For the first time in his career, Klubnik experienced glaring adversity on the gridiron.
“My mind goes back to the 4-4 record my sophomore year and having to live through that. I’ve learned so many life lessons from that alone that I’m now carrying on two years later and the importance of having a tight circle, but also the importance of finishing. We finished with five straight wins that year, and hopefully we do something similar this year, but even better.”
After Klubnik and the Tigers bounced back with a win over No. 15 Notre Dame following that rocky start to the 2023 season, Swinney, nearly engulfed by fans on Frank Howard Field, made a famous declaration in a postgame interview.
“I know we’re down and everybody’s throwing dirt on us, but if Clemson’s a stock, you better buy all you can buy right now!”
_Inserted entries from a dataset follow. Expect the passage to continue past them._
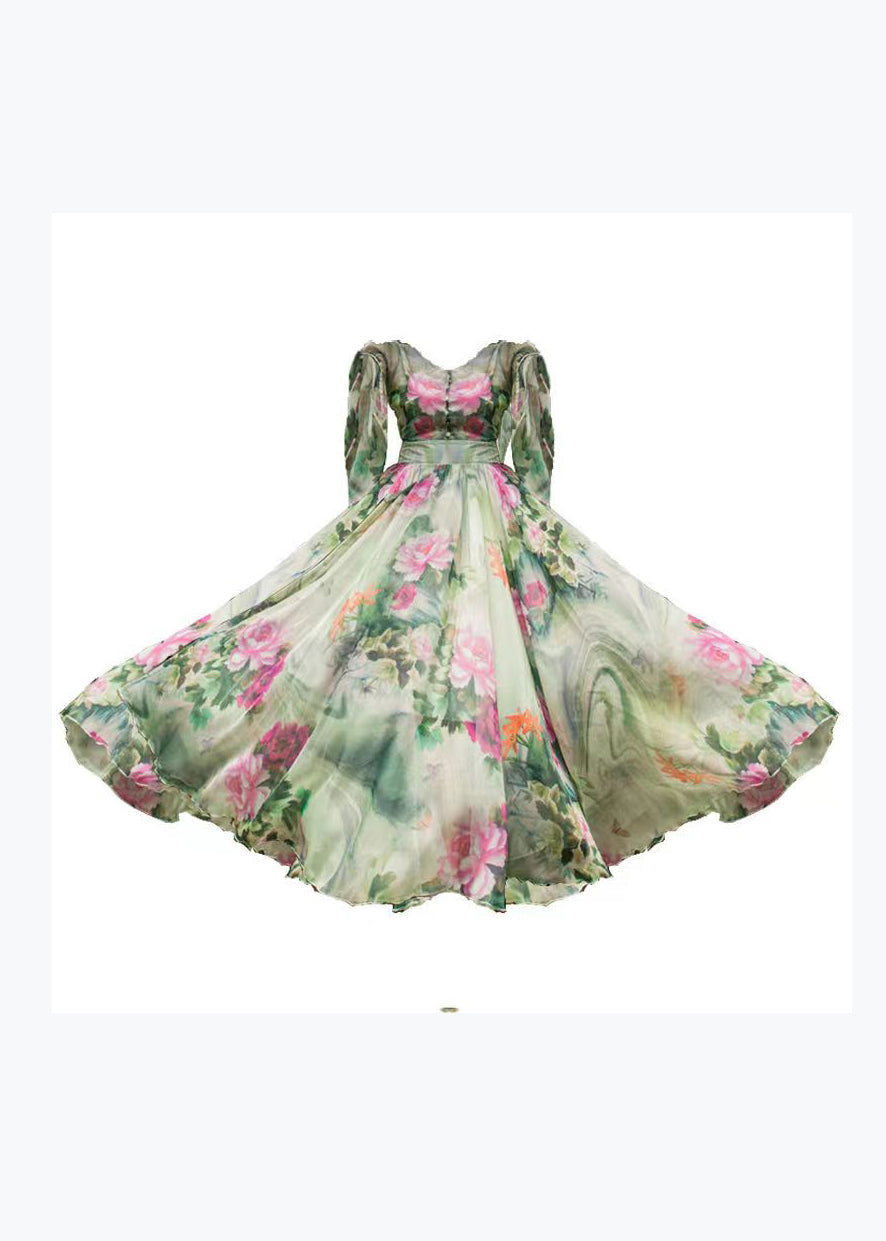 A Vintage Style Dress with Delicate Timeless Details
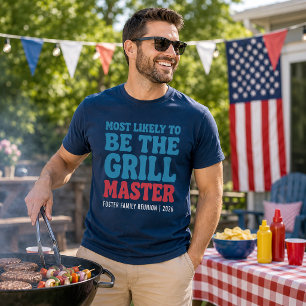 Am wahrscheinlichsten ist er der Grillmeister Benu T-Shirt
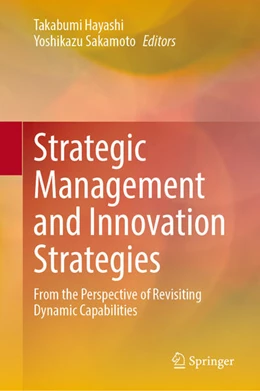 Abbildung von Hayashi / Sakamoto | Strategic Management and Innovation Strategies | 1. Auflage | 2025 | beck-shop.de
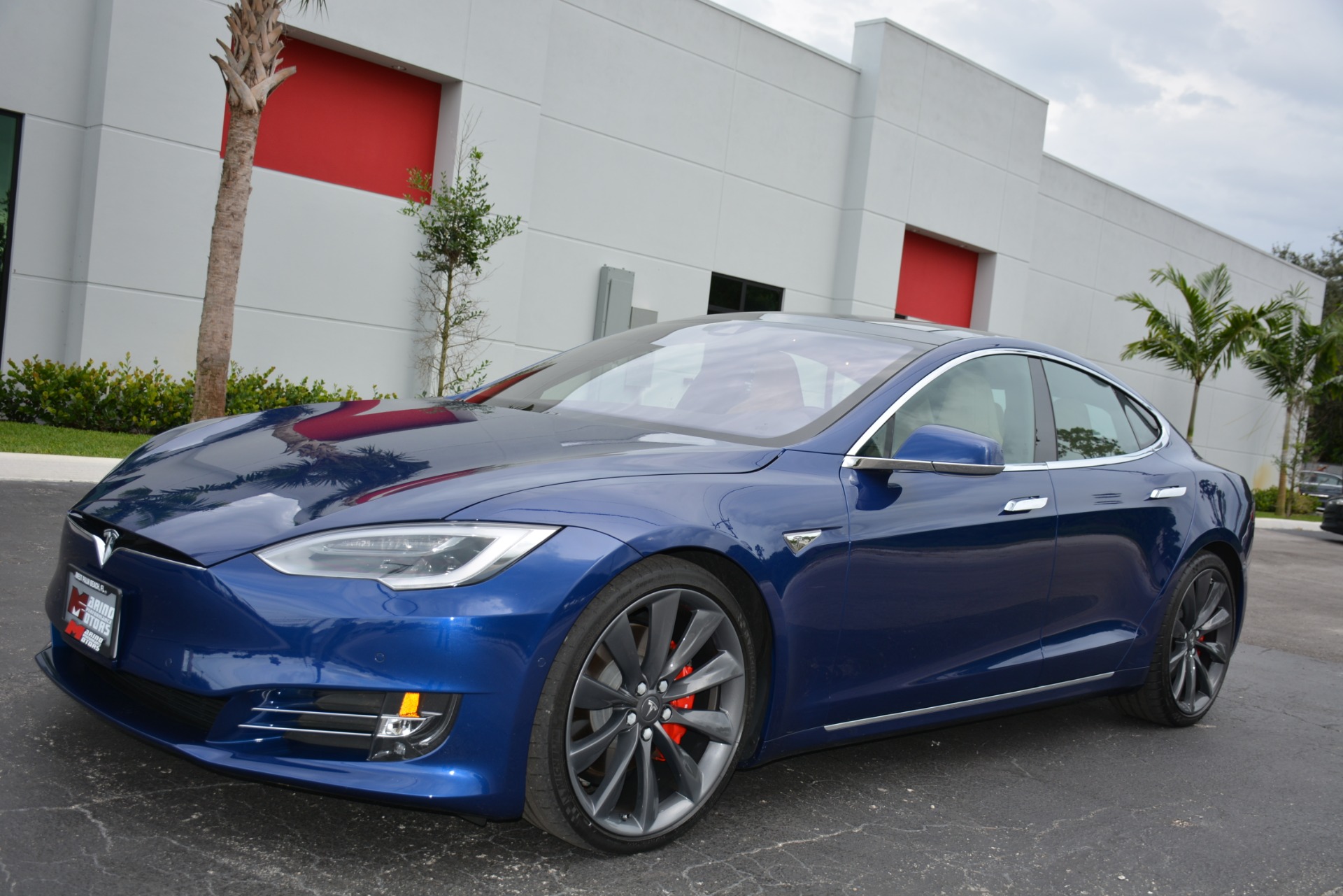 Used 2016 Tesla Model S P90D For Sale ($79,900) | Marino ...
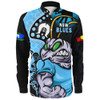 New South Wales Blues Long Sleeve Shirt NAIDOC Indigenous Warrior Spirit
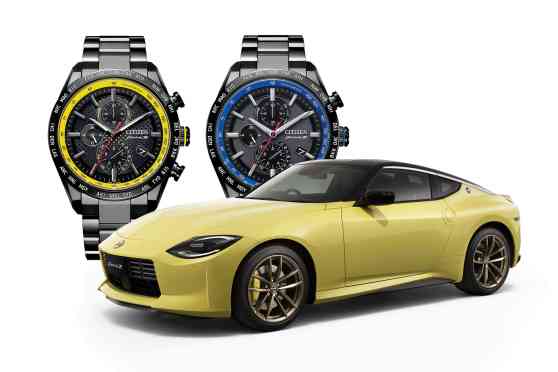 Citizen selling Nissan Z-themed watch for PHP 128.2K image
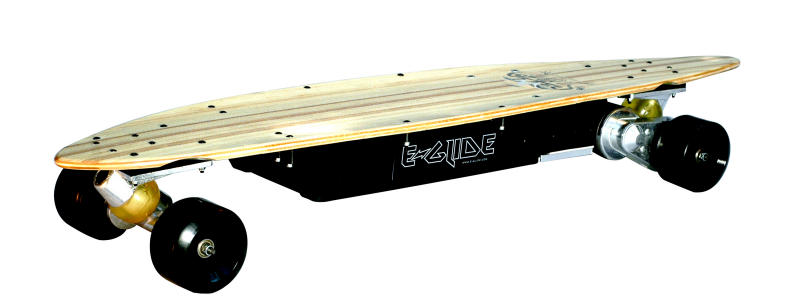 E-Glide Bamboo Pintail Electric Skateboard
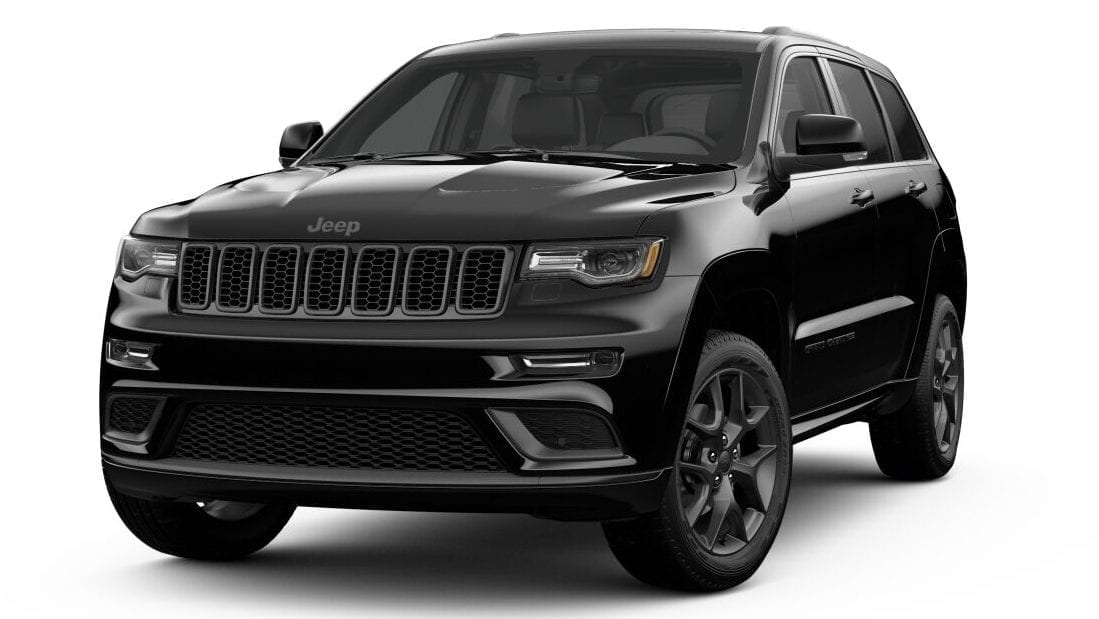 2020 Jeep Grand Cherokee Front Lockhart Automotive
In the background of the viral video, Klubnik stood behind his head coach, grinning with joy, embodying the very “stock” Swinney had invested years earlier with those weekly 8 p.m. phone calls.
As Swinney predicted, the Tigers finished with a 9-4 record, and one season later, they won the ACC title and advanced to the College Football Playoff for the first time in four years.
Two years after the Notre Dame victory, Klubnik believes Swinney still has some return on his investment yet to come.
“We still have some great moments ahead that I’m really excited about,” added #2. “I’m just trying to enjoy each and every day.”